- Try it:
Output the data word for word. Begin at its first line and end at the line with "weeks / 30 minutes.".

Data entries:
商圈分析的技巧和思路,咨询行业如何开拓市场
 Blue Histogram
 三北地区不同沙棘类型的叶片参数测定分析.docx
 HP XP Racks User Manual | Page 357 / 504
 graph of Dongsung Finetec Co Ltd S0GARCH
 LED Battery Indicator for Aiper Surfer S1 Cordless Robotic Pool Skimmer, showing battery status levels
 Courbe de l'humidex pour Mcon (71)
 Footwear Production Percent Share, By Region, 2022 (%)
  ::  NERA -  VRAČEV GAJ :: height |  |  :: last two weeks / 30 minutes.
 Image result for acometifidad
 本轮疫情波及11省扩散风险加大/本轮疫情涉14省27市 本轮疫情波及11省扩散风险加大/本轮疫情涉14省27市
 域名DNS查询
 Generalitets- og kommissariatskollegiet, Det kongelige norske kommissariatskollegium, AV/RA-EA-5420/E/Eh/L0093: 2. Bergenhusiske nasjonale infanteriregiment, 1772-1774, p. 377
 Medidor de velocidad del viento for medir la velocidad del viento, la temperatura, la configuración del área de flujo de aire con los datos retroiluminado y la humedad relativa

- Response to the task:
商圈分析的技巧和思路,咨询行业如何开拓市场
 Blue Histogram
 三北地区不同沙棘类型的叶片参数测定分析.docx
 HP XP Racks User Manual | Page 357 / 504
 graph of Dongsung Finetec Co Ltd S0GARCH
 LED Battery Indicator for Aiper Surfer S1 Cordless Robotic Pool Skimmer, showing battery status levels
 Courbe de l'humidex pour Mcon (71)
 Footwear Production Percent Share, By Region, 2022 (%)
  ::  NERA -  VRAČEV GAJ :: height |  |  :: last two weeks / 30 minutes.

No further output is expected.